The move marks a sharp departure from standard practice for public companies, which typically disseminate earnings and material disclosures through newswires such as Business Wire, PR Newswire or GlobeNewswire to ensure broad and simultaneous distribution to all investors.
"SpaceX's decision to bypass wire services and route financial disclosures through X and its own website concentrates information flow in channels controlled by the company and its controlling shareholder," said Alon Kapen, a partner at Farrell Fritz P.C. who reviewed SpaceX's S-1 filing. "This raises questions about equal access for investors who do not use X or may not monitor the company's website directly."
The change comes less than a week after SpaceX completed the largest initial public offering in U.S. history, raising $75 billion by selling 555.6 million shares at $135 apiece on the Nasdaq. The stock closed its first trading day at $160.95, giving the company a market valuation of about $2.2 trillion and making Elon Musk the world's first trillionaire on paper.

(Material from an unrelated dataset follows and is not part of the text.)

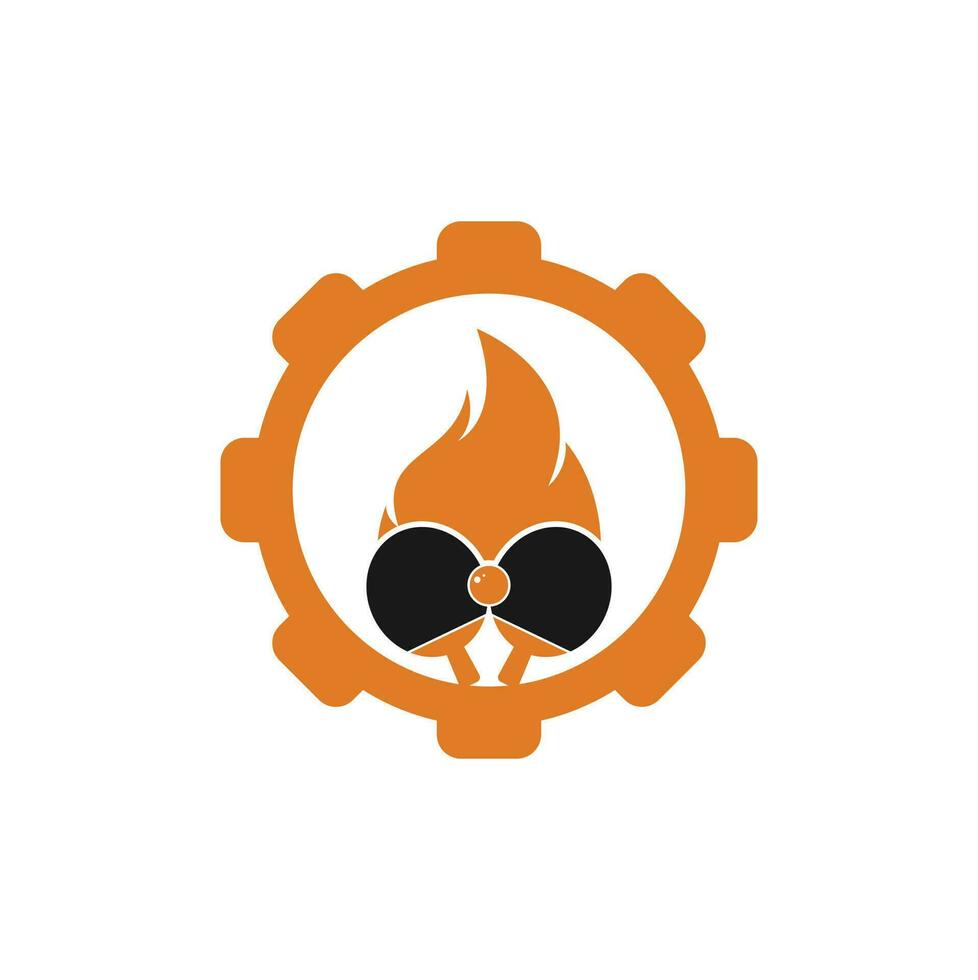 Design-Vorlage für Feuer-Ping-Pong-Ausrüstungsform-Logo-Symbol. Tischtennis, Ping-Pong-Vektorsymbol vektor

SpaceX's governance structure already concentrates control in Musk's hands. The company's dual-class share system gives Musk 10 votes per Class B share versus one vote per Class A share sold to the public, granting him 85% of voting power despite holding about 42% of equity. The company also requires shareholders to waive jury trial rights and prohibits class actions through a mandatory binding arbitration clause.
The disclosure policy shift could set a precedent for other high-profile companies with large retail investor bases and founder-controlled structures. Traditional wire services charge companies thousands of dollars per release to ensure simultaneous distribution to terminals, newsrooms and data feeds used by institutional investors and financial media. By routing disclosures through X and its own website, SpaceX gains direct control over timing and presentation while bypassing those costs.

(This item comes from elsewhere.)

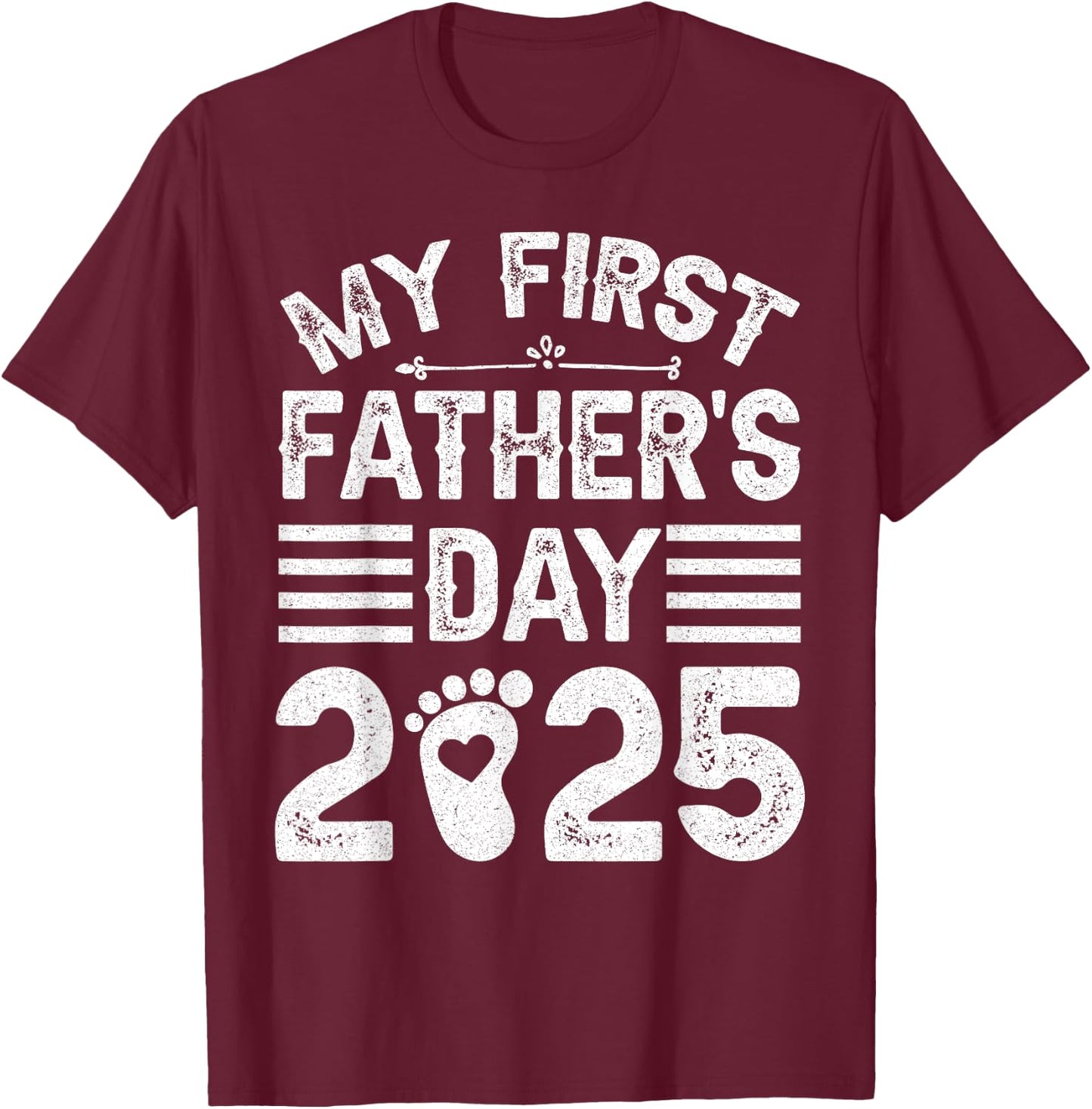 My First Father's Day 2025 For Daddy 1st Fathers' Day 2025 T-Shirt - T-Shirt | Maroon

Senator Elizabeth Warren last week urged the Securities and Exchange Commission to delay the SpaceX IPO, citing concerns about the company's valuation and governance structure. In a June 9 letter to SEC Chair Paul Atkins, Warren warned that the offering presented "significant risks to ordinary investors and their retirement savings."
SpaceX's S-1 filing shows the company had revenue of $4.7 billion in the three months ended March 31, with an operating loss of $1.9 billion and adjusted EBITDA of $1.1 billion. For full-year 2025, revenue totaled $18.67 billion with adjusted EBITDA of $6.58 billion.
The company's decision to self-distribute financial results may test SEC rules requiring fair and broad disclosure under Regulation FD. The rule mandates that when a public company discloses material information, it must do so in a way that reaches all investors simultaneously — not selectively. The SEC has previously accepted company websites and social media as valid disclosure channels, provided companies alert investors in advance about where to find the information.
This article is for informational purposes only and does not constitute investment advice.